Mu'awiya II died in Damascus shortly after his withdrawal from public life. His age at death is disputed because while many sources place him in his early twenties, the historian Al-Tabari cites a report stating he was only thirteen years and eighteen days old. It is unclear how he died, although jaundice and a plague have been named as potential causes.

While some sources record that his brother Khalid ibn Yazid led the funeral prayers, others name his kinsman Uthman ibn Muhammad ibn Abi Sufyan as the leader of the service.
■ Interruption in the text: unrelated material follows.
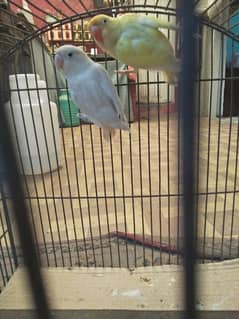 birds and hens cage for sale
Because Mu'awiya II died without children and had not appointed a successor, Umayyad power temporarily collapsed. The campaigns against the revolt of Abd Allah ibn al-Zubayr came to a halt until the Marwanid branch of the family took control under Marwan I.

Despite the political chaos of his reign, Mu'awiya II later gained a reputation for piety in some mystical circles. In his al-Futūḥāt al-Makkiyya, the Sufi philosopher Ibn Arabi claimed that Mu'awiya II was a "spiritual Pole" or Ghawth of his time. He ranked him among the few rulers in history to combine temporal power with high esoteric authority. This group included the Rashidun, who were the four "Rightly Guided" caliphs consisting of Abu Bakr, Umar, Uthman, and Ali. Ibn Arabi also included Umar ibn Abd al-Aziz in this elite spiritual ranking.

== Bibliography ==
- Chodkiewicz, Michel (1993). "Seal of the Saints: Prophethood and Sainthood in the Doctrine of Ibn 'Arabi"
- Lammens, Henri (1921). "Le Califat de Yazid Ier"
- al-Ya'qubi, Ahmad ibn Abu Ya'qubi (2018). "The Works of Ibn Wadih al-Ya'qubi: An English Translation"
- Lammens, Henri (1920). "Études sur le siècle des Omayyades"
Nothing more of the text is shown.